Data listing
※ ※ ※
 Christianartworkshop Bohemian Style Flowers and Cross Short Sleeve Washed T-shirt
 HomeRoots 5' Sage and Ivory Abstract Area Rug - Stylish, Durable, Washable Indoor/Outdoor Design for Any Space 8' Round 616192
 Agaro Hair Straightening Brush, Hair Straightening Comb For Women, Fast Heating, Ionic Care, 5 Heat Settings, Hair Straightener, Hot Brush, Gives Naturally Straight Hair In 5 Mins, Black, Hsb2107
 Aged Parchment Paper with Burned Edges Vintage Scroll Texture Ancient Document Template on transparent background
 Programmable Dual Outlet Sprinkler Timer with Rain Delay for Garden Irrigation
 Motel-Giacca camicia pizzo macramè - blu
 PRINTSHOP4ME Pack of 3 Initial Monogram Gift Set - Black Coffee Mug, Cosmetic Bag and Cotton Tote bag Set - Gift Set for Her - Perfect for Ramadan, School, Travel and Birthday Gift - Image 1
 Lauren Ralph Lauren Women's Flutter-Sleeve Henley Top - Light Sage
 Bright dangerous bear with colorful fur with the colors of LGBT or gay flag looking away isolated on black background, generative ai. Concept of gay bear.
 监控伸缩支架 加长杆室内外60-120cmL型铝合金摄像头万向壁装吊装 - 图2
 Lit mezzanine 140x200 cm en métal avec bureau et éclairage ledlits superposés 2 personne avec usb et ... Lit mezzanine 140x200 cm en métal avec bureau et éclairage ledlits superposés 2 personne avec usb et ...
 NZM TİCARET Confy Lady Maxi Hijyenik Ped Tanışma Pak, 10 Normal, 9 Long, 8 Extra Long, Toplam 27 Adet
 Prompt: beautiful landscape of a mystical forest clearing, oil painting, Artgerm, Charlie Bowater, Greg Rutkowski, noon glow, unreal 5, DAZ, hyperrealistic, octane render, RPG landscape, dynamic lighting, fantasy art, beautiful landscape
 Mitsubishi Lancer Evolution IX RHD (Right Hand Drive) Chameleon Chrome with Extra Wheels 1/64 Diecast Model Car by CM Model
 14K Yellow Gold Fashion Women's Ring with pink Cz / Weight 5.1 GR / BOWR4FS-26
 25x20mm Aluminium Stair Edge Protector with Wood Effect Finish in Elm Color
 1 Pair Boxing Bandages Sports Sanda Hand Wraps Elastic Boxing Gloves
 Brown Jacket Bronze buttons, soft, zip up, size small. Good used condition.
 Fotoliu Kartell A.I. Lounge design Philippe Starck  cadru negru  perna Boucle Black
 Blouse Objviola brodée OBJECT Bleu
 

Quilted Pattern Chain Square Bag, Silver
※ ※ ※
Problem requirements
Output all of the data again, exactly.

Response area
 Christianartworkshop Bohemian Style Flowers and Cross Short Sleeve Washed T-shirt
 HomeRoots 5' Sage and Ivory Abstract Area Rug - Stylish, Durable, Washable Indoor/Outdoor Design for Any Space 8' Round 616192
 Agaro Hair Straightening Brush, Hair Straightening Comb For Women, Fast Heating, Ionic Care, 5 Heat Settings, Hair Straightener, Hot Brush, Gives Naturally Straight Hair In 5 Mins, Black, Hsb2107
 Aged Parchment Paper with Burned Edges Vintage Scroll Texture Ancient Document Template on transparent background
 Programmable Dual Outlet Sprinkler Timer with Rain Delay for Garden Irrigation
 Motel-Giacca camicia pizzo macramè - blu
 PRINTSHOP4ME Pack of 3 Initial Monogram Gift Set - Black Coffee Mug, Cosmetic Bag and Cotton Tote bag Set - Gift Set for Her - Perfect for Ramadan, School, Travel and Birthday Gift - Image 1
 Lauren Ralph Lauren Women's Flutter-Sleeve Henley Top - Light Sage
 Bright dangerous bear with colorful fur with the colors of LGBT or gay flag looking away isolated on black background, generative ai. Concept of gay bear.
 监控伸缩支架 加长杆室内外60-120cmL型铝合金摄像头万向壁装吊装 - 图2
 Lit mezzanine 140x200 cm en métal avec bureau et éclairage ledlits superposés 2 personne avec usb et ... Lit mezzanine 140x200 cm en métal avec bureau et éclairage ledlits superposés 2 personne avec usb et ...
 NZM TİCARET Confy Lady Maxi Hijyenik Ped Tanışma Pak, 10 Normal, 9 Long, 8 Extra Long, Toplam 27 Adet
 Prompt: beautiful landscape of a mystical forest clearing, oil painting, Artgerm, Charlie Bowater, Greg Rutkowski, noon glow, unreal 5, DAZ, hyperrealistic, octane render, RPG landscape, dynamic lighting, fantasy art, beautiful landscape
 Mitsubishi Lancer Evolution IX RHD (Right Hand Drive) Chameleon Chrome with Extra Wheels 1/64 Diecast Model Car by CM Model
 14K Yellow Gold Fashion Women's Ring with pink Cz / Weight 5.1 GR / BOWR4FS-26
 25x20mm Aluminium Stair Edge Protector with Wood Effect Finish in Elm Color
 1 Pair Boxing Bandages Sports Sanda Hand Wraps Elastic Boxing Gloves
 Brown Jacket Bronze buttons, soft, zip up, size small. Good used condition.
 Fotoliu Kartell A.I. Lounge design Philippe Starck  cadru negru  perna Boucle Black
 Blouse Objviola brodée OBJECT Bleu
 

Quilted Pattern Chain Square Bag, Silver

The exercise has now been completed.